** EXERCISE OBJECTIVE **
Under this line sits a listing. Repeat exactly and only its lines from the one holding "吊坠文玩核桃楸玥核59浮黄" through the one holding "نکته بهداشتی: پاک"; skip pictures.

** EXERCISE DATA **
◇ ◇ ◇
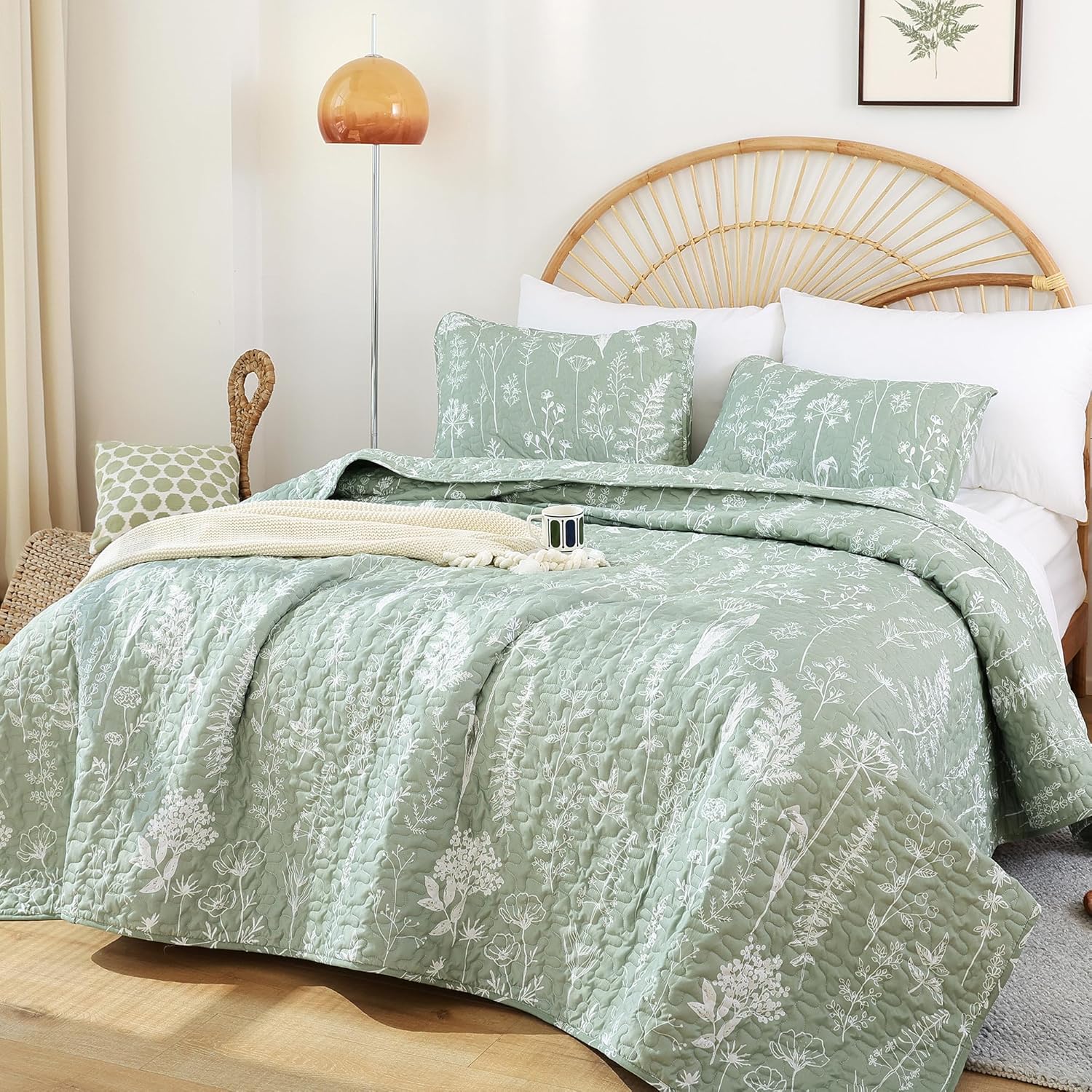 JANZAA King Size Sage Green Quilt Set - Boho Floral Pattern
◇ ◇ ◇
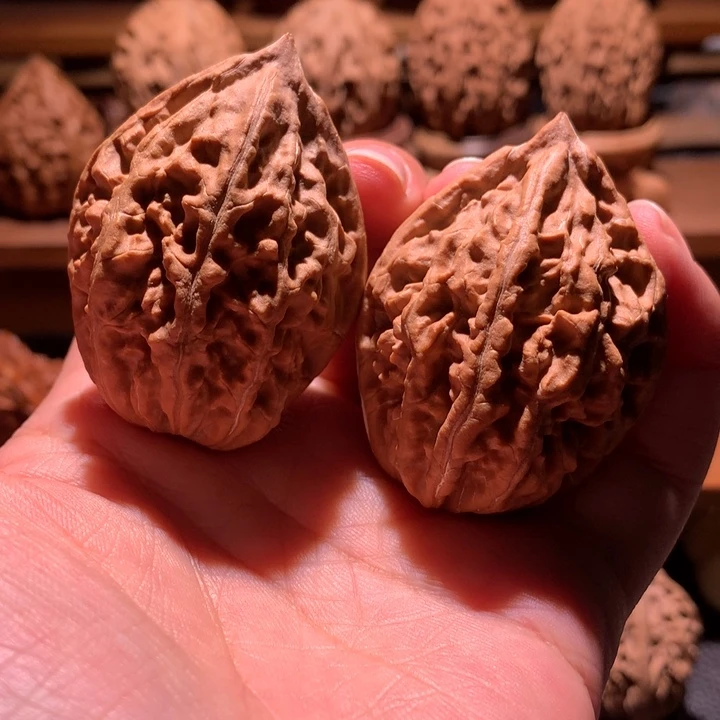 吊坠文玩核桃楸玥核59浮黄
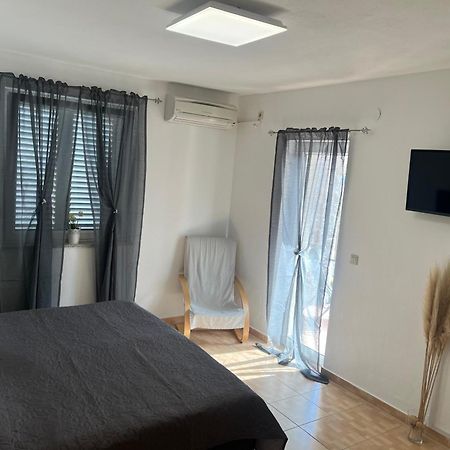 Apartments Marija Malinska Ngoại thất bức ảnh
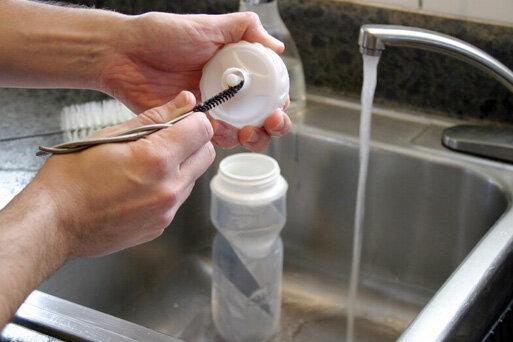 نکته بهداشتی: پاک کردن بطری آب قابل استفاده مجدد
◇ ◇ ◇
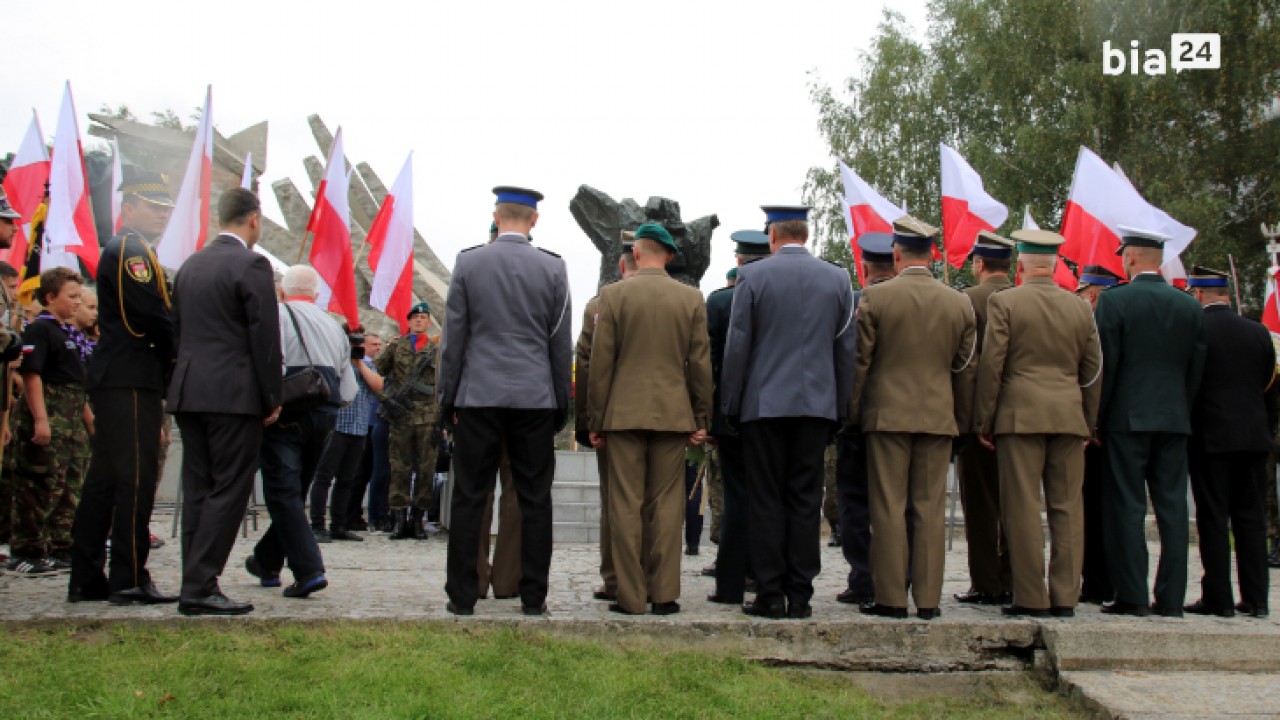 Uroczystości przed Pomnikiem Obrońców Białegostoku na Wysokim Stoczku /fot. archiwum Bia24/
◇ ◇ ◇
** ANSWER TO THE EXERCISE **
 吊坠文玩核桃楸玥核59浮黄
 Apartments Marija Malinska Ngoại thất bức ảnh
 نکته بهداشتی: پاک کردن بطری آب قابل استفاده مجدد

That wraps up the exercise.